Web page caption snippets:
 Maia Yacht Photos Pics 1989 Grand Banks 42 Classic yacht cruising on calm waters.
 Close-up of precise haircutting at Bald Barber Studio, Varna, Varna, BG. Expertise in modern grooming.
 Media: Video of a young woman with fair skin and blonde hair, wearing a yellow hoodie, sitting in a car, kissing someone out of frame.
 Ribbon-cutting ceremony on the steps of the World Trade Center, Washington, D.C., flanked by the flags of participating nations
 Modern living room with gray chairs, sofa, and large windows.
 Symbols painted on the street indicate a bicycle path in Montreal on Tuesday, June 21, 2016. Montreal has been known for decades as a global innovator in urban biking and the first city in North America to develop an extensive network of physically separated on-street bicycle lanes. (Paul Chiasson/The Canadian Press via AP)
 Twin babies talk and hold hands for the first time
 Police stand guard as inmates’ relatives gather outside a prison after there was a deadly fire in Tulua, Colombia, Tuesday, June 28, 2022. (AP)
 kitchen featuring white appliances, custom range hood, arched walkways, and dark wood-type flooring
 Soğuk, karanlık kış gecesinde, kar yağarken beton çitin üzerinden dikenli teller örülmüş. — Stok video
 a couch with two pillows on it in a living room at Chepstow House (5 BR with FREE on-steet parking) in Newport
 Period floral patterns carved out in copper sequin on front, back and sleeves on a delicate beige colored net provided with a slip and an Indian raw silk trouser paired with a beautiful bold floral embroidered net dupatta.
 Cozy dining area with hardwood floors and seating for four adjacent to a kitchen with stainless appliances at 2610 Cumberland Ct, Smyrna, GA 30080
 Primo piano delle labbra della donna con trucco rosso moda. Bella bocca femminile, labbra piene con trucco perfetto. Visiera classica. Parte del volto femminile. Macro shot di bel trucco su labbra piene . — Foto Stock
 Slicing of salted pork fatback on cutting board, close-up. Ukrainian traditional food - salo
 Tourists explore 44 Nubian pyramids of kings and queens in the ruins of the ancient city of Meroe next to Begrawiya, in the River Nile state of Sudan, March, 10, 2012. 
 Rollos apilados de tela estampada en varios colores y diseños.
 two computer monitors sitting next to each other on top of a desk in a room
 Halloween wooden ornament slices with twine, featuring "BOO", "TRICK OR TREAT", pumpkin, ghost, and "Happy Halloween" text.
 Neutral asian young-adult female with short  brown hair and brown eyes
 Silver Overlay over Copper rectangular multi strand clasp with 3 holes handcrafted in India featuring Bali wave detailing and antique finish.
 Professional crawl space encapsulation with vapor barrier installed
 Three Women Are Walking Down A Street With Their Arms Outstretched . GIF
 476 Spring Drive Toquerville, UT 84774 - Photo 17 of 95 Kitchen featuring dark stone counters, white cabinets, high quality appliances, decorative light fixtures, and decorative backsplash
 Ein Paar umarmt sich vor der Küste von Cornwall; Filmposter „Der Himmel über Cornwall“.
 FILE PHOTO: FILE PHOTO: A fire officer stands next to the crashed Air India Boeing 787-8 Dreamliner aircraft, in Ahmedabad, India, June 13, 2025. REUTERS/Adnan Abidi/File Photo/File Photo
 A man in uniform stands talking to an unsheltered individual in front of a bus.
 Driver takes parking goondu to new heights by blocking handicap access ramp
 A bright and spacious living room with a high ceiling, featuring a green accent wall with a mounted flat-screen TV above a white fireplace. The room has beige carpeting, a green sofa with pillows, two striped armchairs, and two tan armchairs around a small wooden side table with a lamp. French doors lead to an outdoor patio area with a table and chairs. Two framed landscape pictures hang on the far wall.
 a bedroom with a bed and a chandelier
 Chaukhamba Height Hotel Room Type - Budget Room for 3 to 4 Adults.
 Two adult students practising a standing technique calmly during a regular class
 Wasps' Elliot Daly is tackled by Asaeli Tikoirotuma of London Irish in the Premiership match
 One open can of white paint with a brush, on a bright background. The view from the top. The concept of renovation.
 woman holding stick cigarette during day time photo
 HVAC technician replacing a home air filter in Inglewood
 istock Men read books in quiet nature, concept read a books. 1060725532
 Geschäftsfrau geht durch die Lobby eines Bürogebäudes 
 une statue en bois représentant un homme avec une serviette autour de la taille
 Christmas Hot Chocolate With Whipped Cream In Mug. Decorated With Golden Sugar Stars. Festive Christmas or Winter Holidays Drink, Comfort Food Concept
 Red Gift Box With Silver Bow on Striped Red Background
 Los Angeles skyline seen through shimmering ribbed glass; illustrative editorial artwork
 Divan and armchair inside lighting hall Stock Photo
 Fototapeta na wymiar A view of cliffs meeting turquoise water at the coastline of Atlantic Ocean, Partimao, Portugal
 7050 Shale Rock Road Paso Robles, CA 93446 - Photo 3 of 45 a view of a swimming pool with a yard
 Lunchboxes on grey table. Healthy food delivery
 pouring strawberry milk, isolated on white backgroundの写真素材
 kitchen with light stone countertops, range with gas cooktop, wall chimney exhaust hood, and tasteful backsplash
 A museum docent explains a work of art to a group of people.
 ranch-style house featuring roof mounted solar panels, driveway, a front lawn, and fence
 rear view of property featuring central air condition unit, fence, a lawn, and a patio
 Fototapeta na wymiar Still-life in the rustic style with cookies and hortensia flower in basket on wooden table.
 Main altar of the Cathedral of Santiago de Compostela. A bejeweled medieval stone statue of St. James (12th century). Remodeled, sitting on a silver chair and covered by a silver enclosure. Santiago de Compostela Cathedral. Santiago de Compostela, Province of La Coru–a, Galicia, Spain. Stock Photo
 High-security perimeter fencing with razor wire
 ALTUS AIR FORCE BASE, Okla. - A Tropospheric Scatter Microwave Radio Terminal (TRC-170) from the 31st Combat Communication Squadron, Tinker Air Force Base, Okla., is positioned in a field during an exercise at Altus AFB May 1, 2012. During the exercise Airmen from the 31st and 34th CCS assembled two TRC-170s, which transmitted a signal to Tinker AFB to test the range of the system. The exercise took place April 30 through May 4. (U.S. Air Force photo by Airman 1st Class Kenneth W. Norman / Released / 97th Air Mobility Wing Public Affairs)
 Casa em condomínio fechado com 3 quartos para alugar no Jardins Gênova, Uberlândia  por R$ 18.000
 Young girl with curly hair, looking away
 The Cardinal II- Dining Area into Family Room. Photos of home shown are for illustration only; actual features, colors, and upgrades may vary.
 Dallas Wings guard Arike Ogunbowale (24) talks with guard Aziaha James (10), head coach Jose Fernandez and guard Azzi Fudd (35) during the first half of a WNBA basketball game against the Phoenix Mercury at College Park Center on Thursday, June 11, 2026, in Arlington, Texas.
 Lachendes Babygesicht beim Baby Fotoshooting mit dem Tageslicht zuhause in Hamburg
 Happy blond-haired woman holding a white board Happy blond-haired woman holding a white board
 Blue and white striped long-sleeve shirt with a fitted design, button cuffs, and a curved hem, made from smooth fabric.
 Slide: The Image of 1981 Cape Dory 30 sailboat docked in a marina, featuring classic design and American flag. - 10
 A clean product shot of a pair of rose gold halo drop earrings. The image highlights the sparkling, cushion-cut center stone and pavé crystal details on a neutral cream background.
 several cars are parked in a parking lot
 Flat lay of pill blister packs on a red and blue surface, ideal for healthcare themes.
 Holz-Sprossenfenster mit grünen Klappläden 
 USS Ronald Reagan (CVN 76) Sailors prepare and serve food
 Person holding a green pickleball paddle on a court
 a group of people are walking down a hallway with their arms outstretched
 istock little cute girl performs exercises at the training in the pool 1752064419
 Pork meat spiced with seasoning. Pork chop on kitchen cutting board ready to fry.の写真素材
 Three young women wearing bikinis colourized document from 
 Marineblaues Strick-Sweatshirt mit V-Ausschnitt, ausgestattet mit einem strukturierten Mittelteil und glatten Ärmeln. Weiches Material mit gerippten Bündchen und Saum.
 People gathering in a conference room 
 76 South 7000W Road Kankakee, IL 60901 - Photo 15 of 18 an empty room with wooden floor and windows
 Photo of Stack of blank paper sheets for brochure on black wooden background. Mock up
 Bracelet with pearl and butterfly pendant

• WORK REQUEST: Print the first line of the records above and each line after it, exactly, through the line with "Ribbon-cutting ceremony on".

• TASK SOLUTION:
 Maia Yacht Photos Pics 1989 Grand Banks 42 Classic yacht cruising on calm waters.
 Close-up of precise haircutting at Bald Barber Studio, Varna, Varna, BG. Expertise in modern grooming.
 Media: Video of a young woman with fair skin and blonde hair, wearing a yellow hoodie, sitting in a car, kissing someone out of frame.
 Ribbon-cutting ceremony on the steps of the World Trade Center, Washington, D.C., flanked by the flags of participating nations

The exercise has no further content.